In [43]:
from pyspark.sql import SparkSession

spark = SparkSession.builder.appName("Test").getOrCreate()
df = spark.read.csv("customers.csv", header=True, inferSchema=True)

In [44]:
df.show(5)

+----------+--------+--------+-------+--------+-----+
|      date|    time|customer|product|quantity|price|
+----------+--------+--------+-------+--------+-----+
|05/10/2018| 2:20 PM|     100|      1|      10|  816|
|06/10/2018| 3:30 PM|     100|      1|      10|    1|
|07/10/2018| 5:20 PM|     100|      1|      10|   10|
|04/08/2018|11:38 PM|     100|      2|       8|   79|
|25/03/2018| 3:52 AM|     100|      3|       1|   91|
+----------+--------+--------+-------+--------+-----+
only showing top 5 rows


In [45]:
df.count()

1002

In [46]:
df.select("customer", "time").show(5)

+--------+--------+
|customer|    time|
+--------+--------+
|     100| 2:20 PM|
|     100| 3:30 PM|
|     100| 5:20 PM|
|     100|11:38 PM|
|     100| 3:52 AM|
+--------+--------+
only showing top 5 rows


In [47]:
df.selectExpr("customer as customer_id").show(5)

+-----------+
|customer_id|
+-----------+
|        100|
|        100|
|        100|
|        100|
|        100|
+-----------+
only showing top 5 rows


In [48]:
df.selectExpr("*", "(quantity = price) as equal_price").show(5)
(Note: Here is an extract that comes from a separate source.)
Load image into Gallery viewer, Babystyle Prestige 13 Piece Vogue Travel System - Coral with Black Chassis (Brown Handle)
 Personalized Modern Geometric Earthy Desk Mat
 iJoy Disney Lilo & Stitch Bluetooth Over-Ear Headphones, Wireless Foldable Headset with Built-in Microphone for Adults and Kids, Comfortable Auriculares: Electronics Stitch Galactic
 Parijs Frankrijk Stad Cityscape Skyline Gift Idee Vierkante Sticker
+----------+--------+--------+-------+--------+-----+-----------+
|      date|    time|customer|product|quantity|price|equal_price|
+----------+--------+--------+-------+--------+-----+-----------+
|05/10/2018| 2:20 PM|     100|      1|      10|  816|      false|
|06/10/2018| 3:30 PM|     100|      1|      10|    1|      false|
|07/10/2018| 5:20 PM|     100|      1|      10|   10|       true|
|04/08/2018|11:38 PM|     100|      2|       8|   79|      false|
|25/03/2018| 3:52 AM|     100|      3|       1|   91|      false|
+----------+--------+--------+-------+--------+-----+-----------+
only showing top 5 rows


In [49]:
df.selectExpr("avg(price)","count(customer)").show(5)

+----------------+---------------+
|      avg(price)|count(customer)|
+----------------+---------------+
|50.9500998003992|           1002|
+----------------+---------------+



In [50]:
df.where("quantity < 8").where("customer != 100").show(5)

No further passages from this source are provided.